Spin-exchange relaxation-free (SERF) atomic magnetometers seem to be the state-of-the-art magnetic sensors today as they have achieved a sensitivity of femtotesla in the elimination of broadening contribution of spin-exchange collisions operated in the mode of SERF regime. In order to extend the practicability of SERF atomic magnetometry in superb performances in a movable platform, ensuring and testing the working status of alkali atoms are of great importance. Given the fact that in the premise of SERF regime, the linewidth of magnetic resonance would be narrowing down and the precession frequency would become a constant fractional value of the Larmor frequency for alkali atoms, we measure the gyromagnetic ratio of weakly polarized alkali-metal vapor by yielding the damped oscillating curves and fitting measured increments of frequency and magnetic field to identify the working regime of alkali atoms in a fast and straightforward manner.

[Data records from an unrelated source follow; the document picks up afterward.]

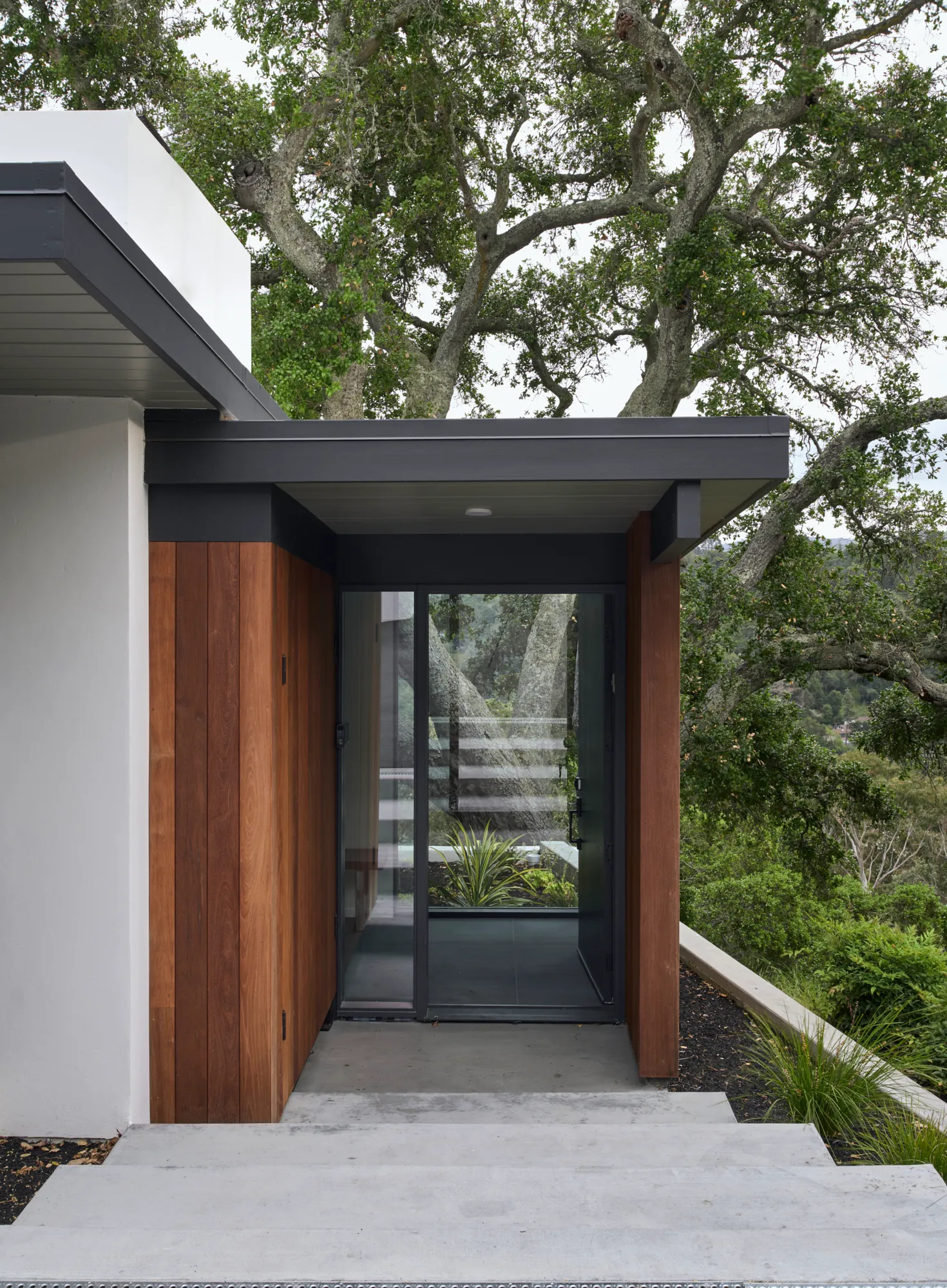 Klopf Architecture翻新mid-century现代风格住宅——玻璃门入口，奥林达，美国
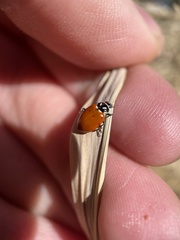 Hippodamia convergens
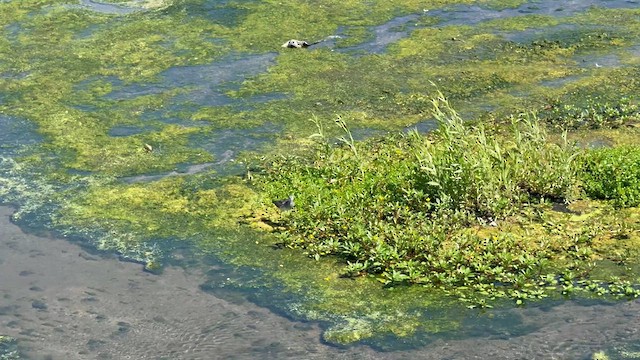 Einsiedelwasserläufer - ML641210199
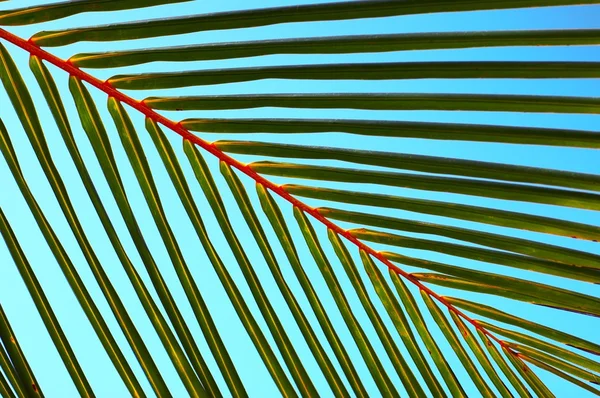 Palm tree leaf N52 — Stock Photo, Image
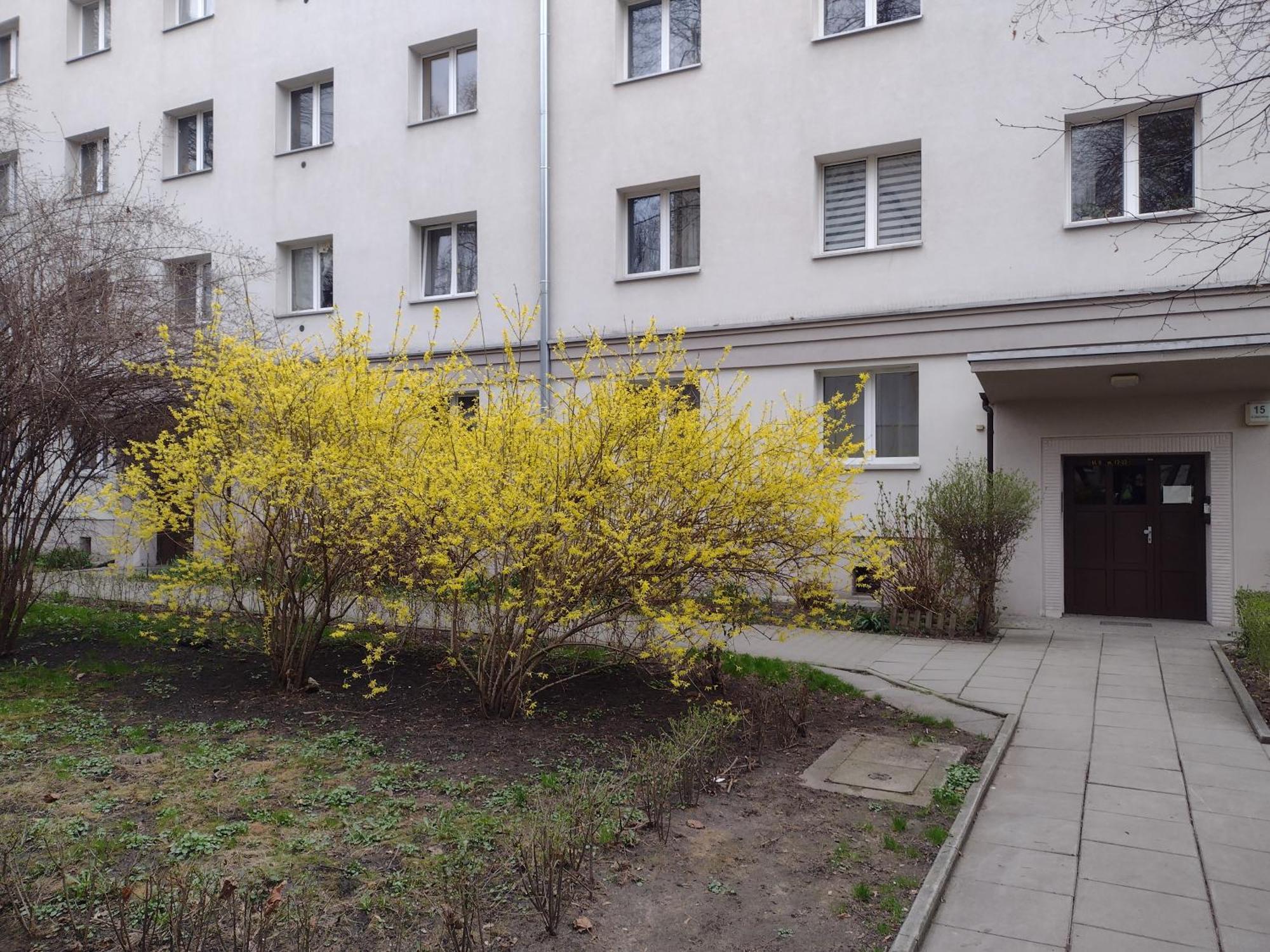 Apartamento Cracowapart Ignacio A *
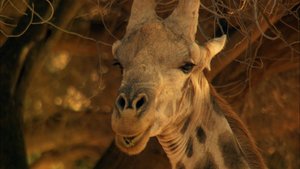 África Extraordinária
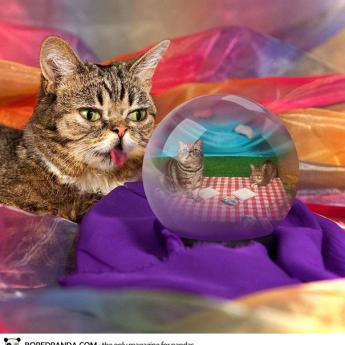 dwarf-kitten-lil-bub-cat-4 Le chat de l’espace qui avait capturé le coeur de l’espèce humaine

The experimental results have good agreements with theoretical analysis and simulation, and the whole measurement process lasts milliseconds with relatively measured error ±1% in the temperature range of $T =156\,\,^{\circ }\text{C}$ –184 °C. To testify the validity of the innovation, magnetic resonance line is obtained in the same condition proffering the width comparative with the outcome from simulation, indicating the spin-exchange broadening has been eliminated, presenting the same conclusion with innovation, and providing systematic sensitivity 30 fT/Hz $^{1/2}$ .